CURTAIN UP! Dedication brings an actor ‘back home’ to Broadway

Katharine Powell … From Princeton Day School to the Great White Way

By Adam Grybowski Staff Writer
    After two years at Washington University in St. Louis, Katharine Powell dropped out and moved to New York City to become a professional actor. She had no agent, no professional experience and no idea how to make it happen. While working as a waitress, she met a group of actors, all graduates of prestigious acting schools — Yale, NYU, Juilliard — and realized that, even if she were lucky enough to be cast in a play, she wouldn’t be able to act at their level.
    Twelve years later, Ms. Powell, a Princeton native, is set to make her Broadway debut on Nov. 14 in “The Farnsworth Invention.” The play tells the story of Philo Farnsworth’s legal battle with David Sarnoff over the patent for the invention of television.
    “I was amazed this is something people don’t really know about,” Ms.
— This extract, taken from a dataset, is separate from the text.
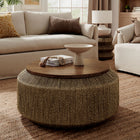 Modway Maris Seagrass and Wood Coffee Table - Walnut Natural-Solid Mango Wood Top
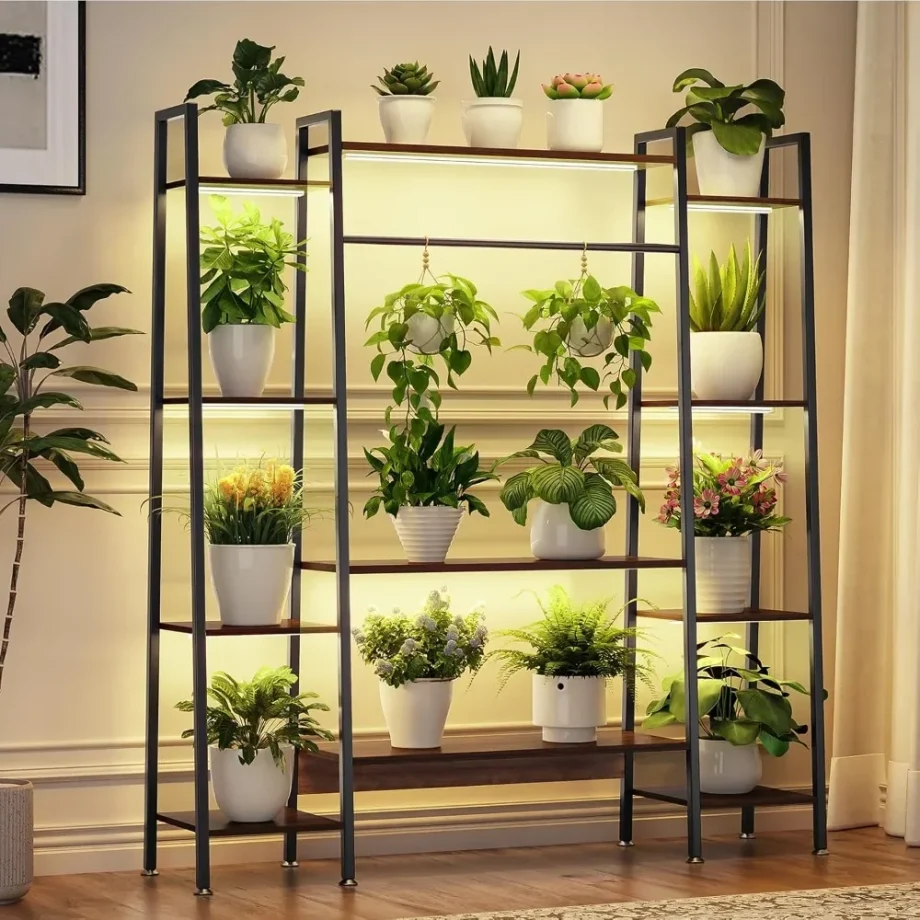 55" Large Plant Stand Indoor with 8 LED Grow Lights (3 Modes & Auto Timer) - 12 Tiered Metal Plant Shelf, 10 Dimmable Brightness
Powell says, “these two personalities battling each other over something we all use and know.”
    The style, scope and humor of the story attracted her to the script, not to mention its author, Aaron Sorkin, the screenwriter, producer and playwright who created the television show “The West Wing.”
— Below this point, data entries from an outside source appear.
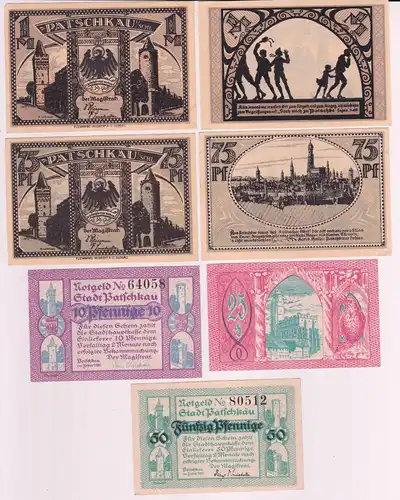 7 Banknoten Notgeld Stadt Patschkau Paczkow 1921 (161965)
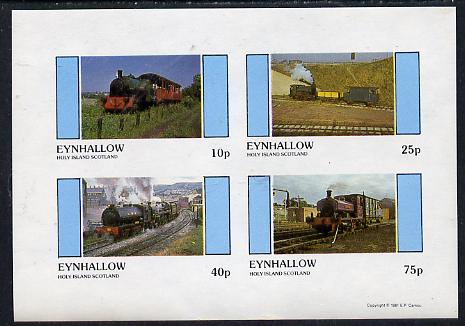 Eynhallow 1981 Steam Locos #02 imperf  set of 4 values unmounted mint, stamps on , stamps on  stamps on railways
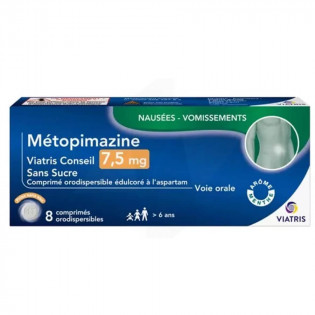 Metopimazine Viatris Conseil 7,5 mg Sans sucre 8 Comprimés Orodispersibles 3400930279762
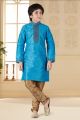 Sky Blue Art Silk Kids Kurta Pajama (NKK-652)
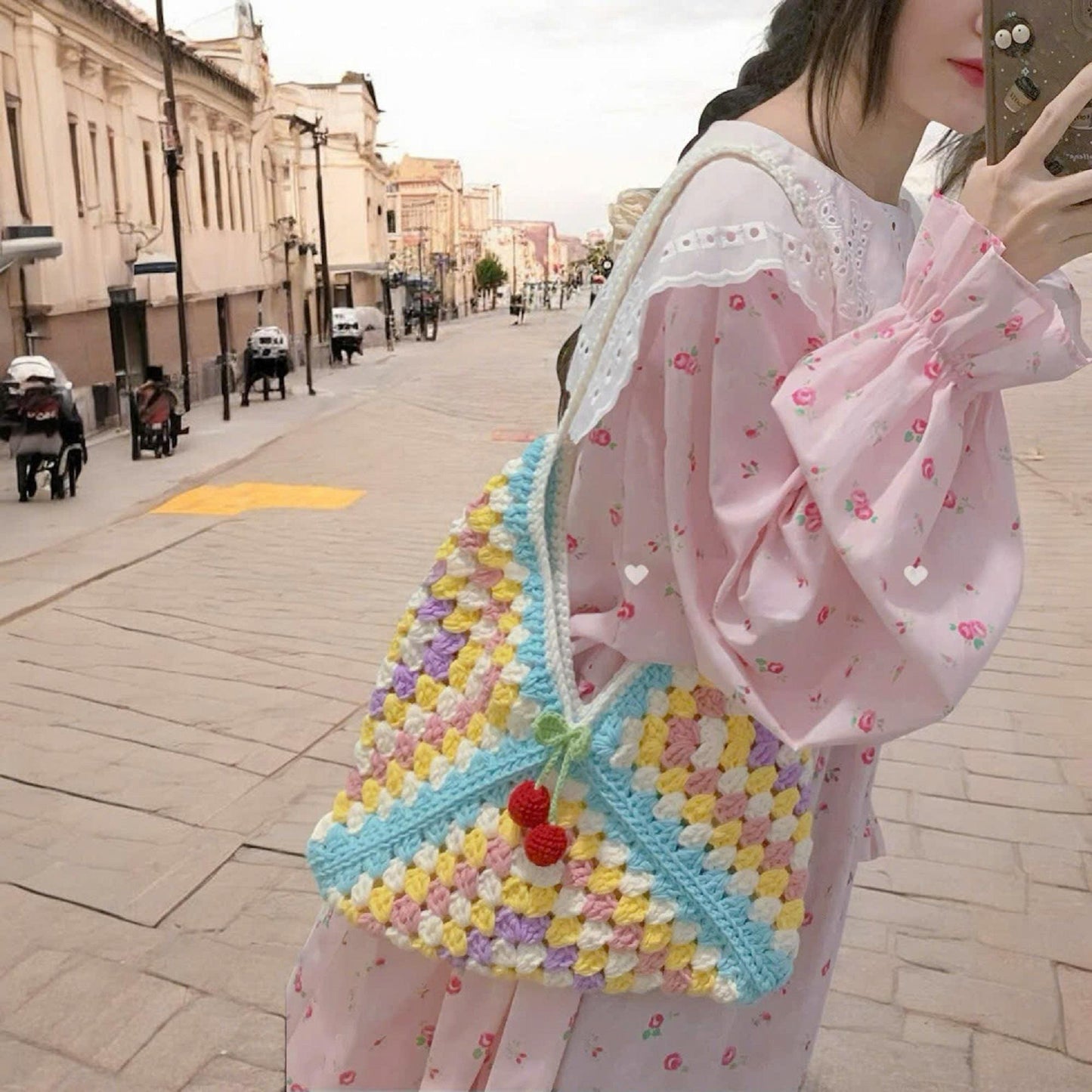 Crochet Granny Square Shoulder Bag, Handmade Purse with Cherry Charm, Valentine Gift, Gift for her, Birthday Gift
    Mr. Sorkin originally wrote “The Farnsworth Invention” as a screenplay, but rewrote it as a play in 2005. Production began on Feb. 20 at a page-to-stage workshop at La Jolla Playhouse in California. Ms. Powell hoped the play would follow the trajectory of other projects that began at La Jolla and emerged on Broadway, such as “Thoroughly Modern Millie” and “Billy Crystal’s 700 Sundays.”
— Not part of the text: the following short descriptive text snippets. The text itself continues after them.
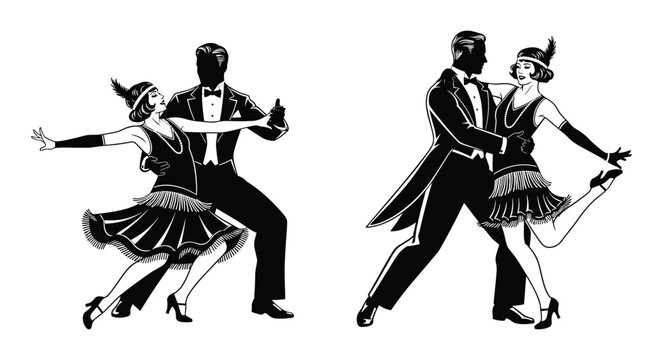 Two couples dancing the Charleston in 1920s attire black silhouette art deco black and white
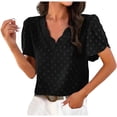 thumbnail image 5 of Miluxas Women's Swiss Dot Casual Summer Tops Clearance Short Sleeve Crewneck Chiffon Blouses Cute Solid Color Loose Shirts Tees Black 8(L), 5 of 8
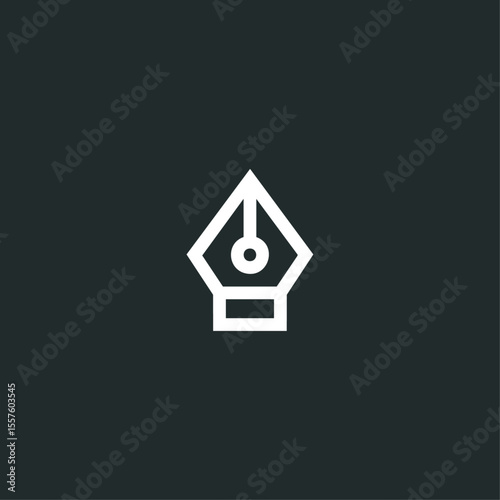 Pen icon logo flat vector design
    Although she says reaching Broadway is more symbolic than anything, the achievement watermarks a career that began at Princeton Day School. As a senior Ms. Powell made the commitment to acting, which she says was her anchor through adolescence. Her drama teacher, who fostered in her a love for Shakespeare, told her he thought she could act professionally if she wanted to.
    “I think he saw my commitment and passion at a young age,” Ms. Powell says. “He was able to identify that thing that makes people actors.”
    After moving to New York, Ms. Powell tried and failed to get into the Juilliard School. She says it was a blessing in disguise because it led to her return to college. In 1999 she graduated from Brown University with a degree in English.
    Even with an Ivy League degree, Ms. Powell says she received her finest education at New York University’s Tisch School of the Arts, where she enrolled after Brown and lived and breathed acting for three years in a class of 18. Although her schedule was rigorous — many days went from 8 a.m. to 11 p.m. — she loved every minute of it, relishing the challenge.
    Acting school, Ms. Powell says, is “about expanding your sense of self and getting in front of people and failing, finding your voice as an actor, and finding a process.”
    She graduated in 2002, feeling versatile and more at ease in her body, believing she was now able to act at a high level. After having nearly every minute accounted for during school, Ms. Powell found the transition to post-graduation life difficult. Actors have a lot of free time, she says, unless they are movie stars or regulars on a series. Even if she had two auditions in one day, which was rare, Ms. Powell was left every day with time to fill.
    She decided to form LA Cat, a nonprofit that connects professional actors with urban youths. The drama program is designed for students to develop leadership skills. When LA Cat was formed, Ms. Powell was living in Los Angeles, appearing in commercials, television shows (“Without a Trace”) and independent films (“The Baxter”). When she moved back to New York, she tried to bring LA Cat to the East Coast. Two programs scheduled for Newark fell through when principals working with Ms. Powell left their schools.
    LA Cat is now on hold, but Ms. Powell’s career isn’t. She’s been working consistently since appearing in the off-Broadway play “The Water’s Edge” in the spring of 2006.
    “The Farnsworth Invention” is currently in previews. Nearly the entire cast from La Jolla’s production is appearing on Broadway, with the notable exception of Hank Azaria taking the lead role of David Sarnoff. Ms. Powell plays Betty, Sarnoff’s secretary and confidante.
    “I’ve been working toward this moment for a lot of years,” Ms. Powell says, “and this particular show is really exciting because I believe in it so much. It feels like it’s bigger than any one of us.”
“The Farnsworth Invention” is playing at the Music Box Theater, 239 W. 45th St. Manhattan. Tickets range from $50 through $95 through www.telecharge.com. On the Web: www.farnsworthonbroadway.com.